Image Credits: Digital Journals 

Article Authors: Gordon Slater| Tandose Sambo 

Necessity is dubbed the mother of invention. With the unfoldment of the pandemic, life as we know it had to change. Working from home became the norm, and the digitization of many things became a new standard. Doctors visits that once were in person, became virtual in order to keep everyone safe and healthy. 

Medical technology is constantly advancing, and the tools that benefit patients and doctors are often the ones that are classified as “trending”. As 2023 unfolds and has its own unique design, there are a few trends in Orthopaedic care that hope to make a lasting impact in your health and wellness journey. 

  1. The increase in digital technology 

Digital tools are helping to optimise orthopaedic care at various stages of the patient journey. From diagnosis, to actual treatment inclusive of surgery, there are a variety of tools on the market that are aiming to provide the best in custom care. Previous analytical tools were not integrated into each phase of the patient care cycle. In the past for example images from an X-Ray machine, or those generated from other scanning technologies, would be printed on a film. Digital images from these critical diagnostic tools are now currently available, and can be integrated into downstream technologies such as 3-D printers, or be utilised as part of the plan for a surgical procedure. 

These changes improve the ability of healthcare providers to increase their diagnosis and treatment speed, as well as improve general healthcare costs. 

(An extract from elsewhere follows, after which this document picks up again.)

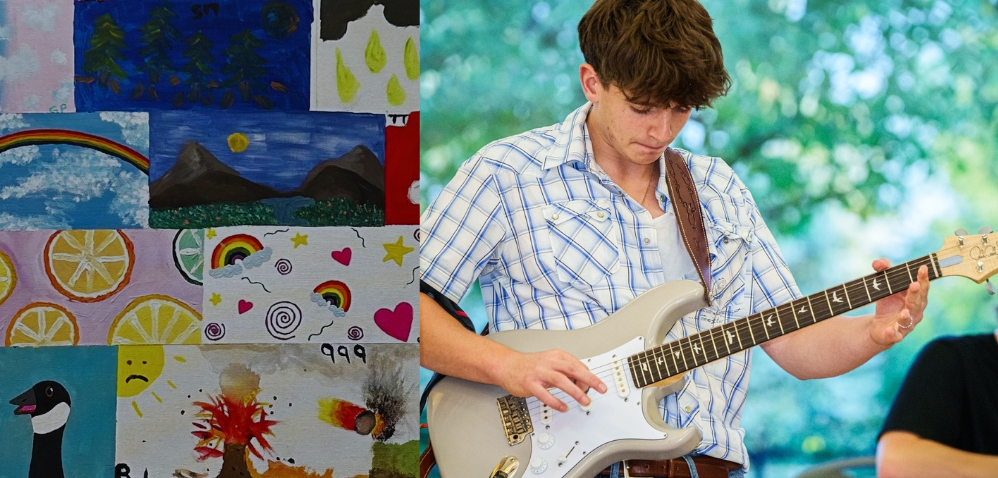 Left, a collection of paintings. Right, a teenage boy playing electric guitar.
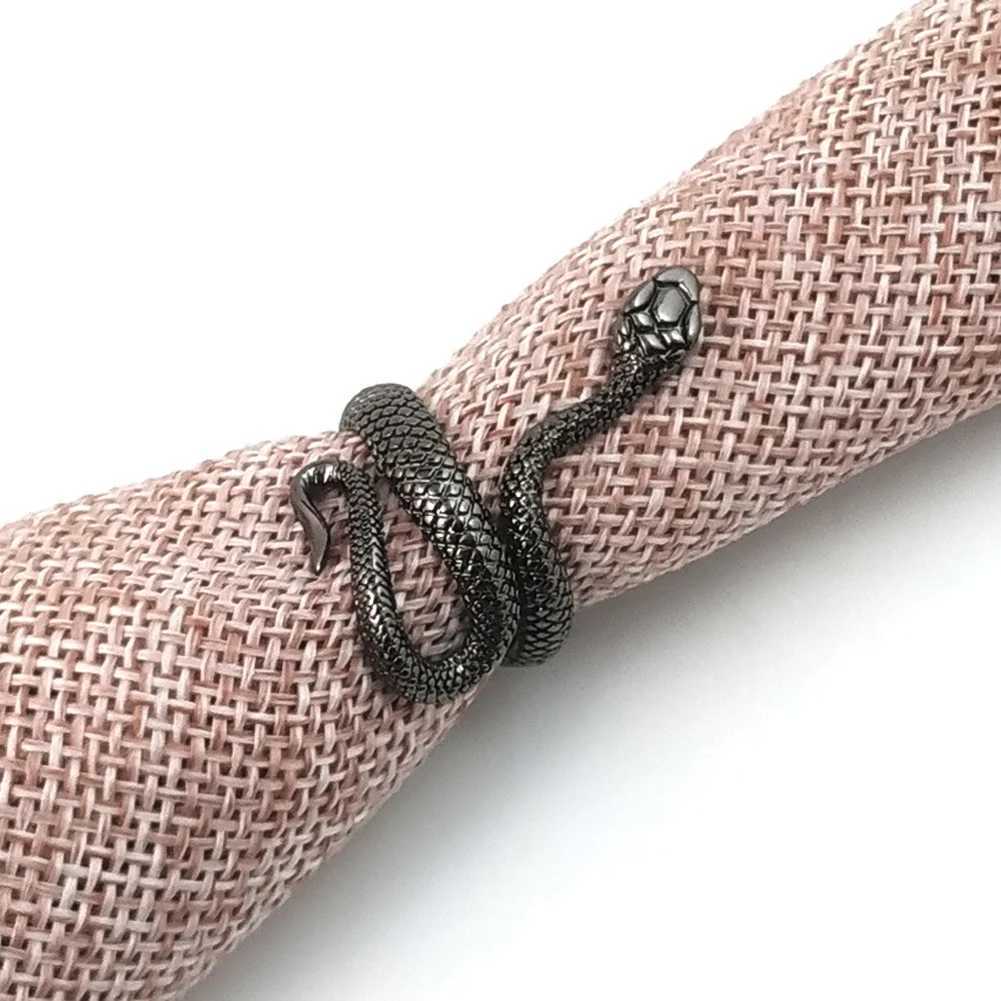 Mens Womens Punk Gothic Snake Ring Exaggerated Black Plating Gothic Adjustable Party Gift Jewelry Womens Jewelry Y241019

  1. The rise in virtual orthopaedic and physiotherapy visits 

The pandemic made virtual conversation a current global standard. The medical field is not exempt from this benefit. More doctors have embraced virtual visits, and enable their patients to share their current health statuses, from the comfort of their home. Medical care providers are now able to include these virtual visits in the patient healthcare plan.

In the fitness realm, there are tools such as a Vaha mirror, that actually converts to a full size screen that enables the interaction between the trainer and the trainee. Exercise demonstrations can be communicated between the two, and a full class can be conducted from the comfort of either party’s homes. Physical therapists are now currently utilising telehealth specific platforms, in order to conduct their physical therapy lessons. Traditional physical therapy sessions required the utilisation of face to face meetings, and modern methods can achieve similar results virtually through any smart device, including a phone. 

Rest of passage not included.